One day, not long after we'd got here, my daughter and I were waiting to catch a train in West Portal. The BART police were on the platform, checking the tickets of people getting off one of the trains that pulled in. A young man wearing a hoodie didn't seem to have a ticket. The policewoman wouldn't let him go when he tried to leave, and she called for backup. Four of them laid into this boy, and I stepped forward to intervene--I'd come from South Africa and seen some horrific things; I'd stopped a UN plane from leaving Johannesburg, for heaven's sake--I wasn't going to stand by. My daughter held me back and pulled me onto the train, which was a brilliant thing to do (but she's like that, my Amber). People on the train were staring straight ahead, like they were completely unaware of this boy being pushed around outside the window. It was like an episode straight out of The Stepford Wives. I stood in the middle of the aisle and screamed at them, "Can you not see what they're doing to him? How can you just sit there??? What's wrong with you people?" Then I burst into tears. It took me a long time to get over that, even though I wasn't a stranger to brutality. I guess I learned caution, and I learned to temper my expectations, to modify my hopes, and I learned patience.

Fiona -  
I'm wondering about coping mechanisms - what helped you deal with your stress? Can you give some bench markers for adaptation or do you still feel off kilter?

Jennifer - 
Honestly, I'm sometimes still off kilter. There are many things I love about America and more specifically, about San Francisco. But I continue to bridge cultural gaps. I miss my mother, who's 91 this year, and my sister. I miss the beauty and spirit of Africa, and I will always love South Africa. 
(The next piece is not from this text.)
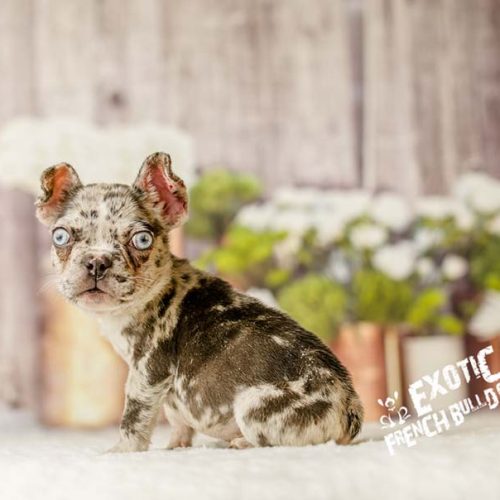 lilac_merle_aexel4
We've made a lot of sacrifices, Amber and I, and while she feels a sense of belonging, I've acculturated less easily. I think San Francisco can be tough on people who migrate to the city. Amber has an American accent; I don't. I still say things that elicit a bewildered stare and find myself groping for a different vocabulary than the one I'm used to. My work as an editor pushed me into a whole new arena of English, and I adapted quickly, worked especially hard to get ahead. I did Professional Editing and Teaching as correlatives for my MFA, and I think that accelerated and consolidated things for me. But it was hard to come to terms with finding a new voice and sensibility in writing. Some things have been difficult to let go of. That's good. We shouldn't aim to emulate everyone else, and being different is fine. It took me a while to work that out.

Coping mechanisms? I would recommend becoming part of something--for my daughter, it was the San Francisco Ballet School. Because she was a technically sound and artistically beautiful dancer, she fit right in, and ballet's globally inclusive language facilitated her sense of belonging. Make friends, something that isn't easy to do unless you're part of some kind of group, whatever that is. Join Meetups, learn the rules of baseball and football. Fall in love with the Giants, and watch cricket, rugby and soccer with people who understand why you're sitting near a box of tissues. Read as much as you can, especially if you're a writer, but even if you're not. Do a lot of research because really, knowledge and understanding can change everything.

Fiona - 
Did you gravitate to other immigrants/try to find other people from your cultural background or did you prefer to make American friends/connections as your social base and can you explain why?

Jennifer - 
I made friends with some of the moms at Amber's school (School of the Arts) and at SFB. I was much older than people at University and had vastly different historical imprints, so I often felt lonely. I think that's one of the most difficult things an immigrant has to deal with aside from the culture shock and the fact that people don't laugh at your jokes--that sense of isolation, of being different. Charlize Theron understood what it would take to fit in: she lost her accent in record time and has never looked back:).

Fiona - 
What did you hope that I'd asked/want authors to understand about writing a character who is new to America?

Jennifer -
Avoid trying to capture an accent in dialogue. You need a very finely tuned ear to get it right. If you feel you must, then do it once or twice right at the beginning, but that's all you get. Most times a writer's efforts to capture a vernacular will be jarring and come across as patronizing.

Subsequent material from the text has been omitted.